Question

Let the solution curve of the differential equation \[ x\,dy - y\,dx = \sqrt{x^2+y^2}\,dx,\quad x>0, \] with $y(1)=0$, be $y=y(x)$. Then $y(3)$ is equal to

• A. 4
• B. 2
• C. 1
• D. 6

Hint:

Differential equations of the form $x\,dy - y\,dx = f(\sqrt{x^2+y^2})\,dx$ are best solved using the substitution $y=vx$.

Answer 1

The Correct Option is A

We need to solve the differential equation given by

\[\ x\,dy - y\,dx = \sqrt{x^2+y^2}\,dx,\quad x>0\]

with the initial condition \( y(1) = 0 \).

First, let's rewrite the given differential equation:

\[x \frac{dy}{dx} - y = \sqrt{x^2 + y^2}\]

We will rearrange the differential equation to make it more tractable:

\[x \frac{dy}{dx} = y + \sqrt{x^2 + y^2}\]

Divide through by \(x\):

\[\frac{dy}{dx} = \frac{y}{x} + \frac{\sqrt{x^2 + y^2}}{x}\]

Consider the substitution \( y = vx \), where \( v \) is a function of \( x \).
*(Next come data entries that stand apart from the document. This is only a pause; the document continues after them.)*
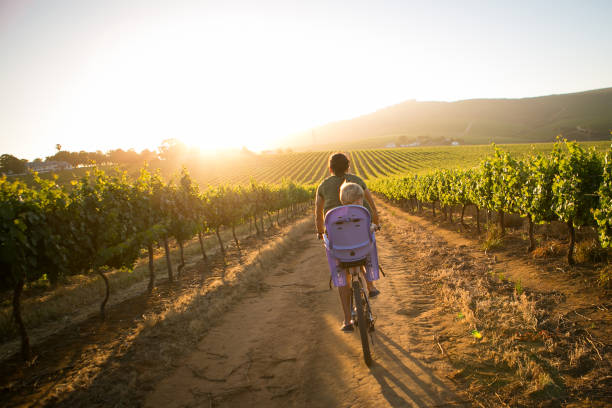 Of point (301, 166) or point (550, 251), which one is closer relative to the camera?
point (550, 251)

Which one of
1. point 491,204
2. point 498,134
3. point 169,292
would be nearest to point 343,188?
point 169,292

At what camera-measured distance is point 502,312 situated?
4.82 meters

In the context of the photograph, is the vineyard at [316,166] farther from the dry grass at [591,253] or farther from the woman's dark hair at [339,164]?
the woman's dark hair at [339,164]

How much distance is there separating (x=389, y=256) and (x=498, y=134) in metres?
155

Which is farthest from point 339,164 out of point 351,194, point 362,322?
point 362,322

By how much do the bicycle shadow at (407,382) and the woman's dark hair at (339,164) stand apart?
108 inches

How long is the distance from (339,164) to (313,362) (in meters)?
2.97

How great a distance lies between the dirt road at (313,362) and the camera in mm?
3334

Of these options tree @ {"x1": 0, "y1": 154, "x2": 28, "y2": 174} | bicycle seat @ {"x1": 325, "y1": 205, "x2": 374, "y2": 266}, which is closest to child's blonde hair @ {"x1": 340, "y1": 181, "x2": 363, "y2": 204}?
bicycle seat @ {"x1": 325, "y1": 205, "x2": 374, "y2": 266}

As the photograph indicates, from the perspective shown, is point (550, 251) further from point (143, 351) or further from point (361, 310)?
point (143, 351)

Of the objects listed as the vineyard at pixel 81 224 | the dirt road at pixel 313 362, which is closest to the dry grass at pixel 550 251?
the dirt road at pixel 313 362

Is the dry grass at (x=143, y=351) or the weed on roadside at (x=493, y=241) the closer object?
the dry grass at (x=143, y=351)

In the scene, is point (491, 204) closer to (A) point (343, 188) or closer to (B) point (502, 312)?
(B) point (502, 312)

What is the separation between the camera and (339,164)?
421 centimetres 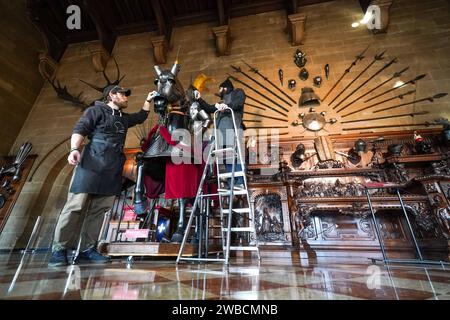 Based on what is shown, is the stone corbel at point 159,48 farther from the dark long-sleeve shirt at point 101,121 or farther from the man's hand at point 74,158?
the man's hand at point 74,158

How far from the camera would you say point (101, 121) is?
1.82m

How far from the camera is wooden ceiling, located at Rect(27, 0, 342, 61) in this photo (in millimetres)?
5457

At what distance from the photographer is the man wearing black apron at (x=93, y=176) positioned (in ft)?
5.03

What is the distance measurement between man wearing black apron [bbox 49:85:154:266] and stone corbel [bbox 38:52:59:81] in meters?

Then,

\[\frac{dy}{dx} = v + x\frac{dv}{dx}\]

Substitute back into the equation:

\[v + x\frac{dv}{dx} = \frac{vx}{x} + \frac{\sqrt{x^2 + (vx)^2}}{x}\]

This simplifies to:

\[v + x\frac{dv}{dx} = v + \sqrt{1 + v^2}\]

Canceling the \( v \) terms, we get:

\[x\frac{dv}{dx} = \sqrt{1 + v^2}\]

Separate variables to integrate:

\[\frac{dv}{\sqrt{1 + v^2}} = \frac{dx}{x}\]

Integrate both sides:

- The left side becomes: \(\int \frac{dv}{\sqrt{1+v^2}} = \sinh^{-1}(v)\) - The right side becomes: \(\int \frac{dx}{x} = \ln|x| + C\)

Equating the results:

\[\sinh^{-1}(v) = \ln|x| + C\]

Since \( y = vx \), substitute \( v = \frac{y}{x} \):

- \(v = \sinh(\ln|x| + C)\)

Using the initial condition \( y(1) = 0 \) implies \( y(1) = v(1) \cdot 1 = 0 \):

- Hence, \( v(1) = 0 \) - \( \sinh^{-1}(0) = \ln|1| + C \Rightarrow C = 0 \)

Conclude that:

\[v = \sinh(\ln x)\]

Final expression for \( y \):

\[y = x \cdot \sinh(\ln x)\]

To find \( y(3) \):

- \(y(3) = 3 \cdot \sinh(\ln 3)\)

Using the identity \(\sinh(\ln x) = \frac{x^2 - 1}{2x}\), we get:

- \(y(3) = 3 \cdot \frac{3^2 - 1}{2 \cdot 3} = 3 \cdot \frac{8}{6} = 4\)

Thus, the value of \( y(3) \) is 4.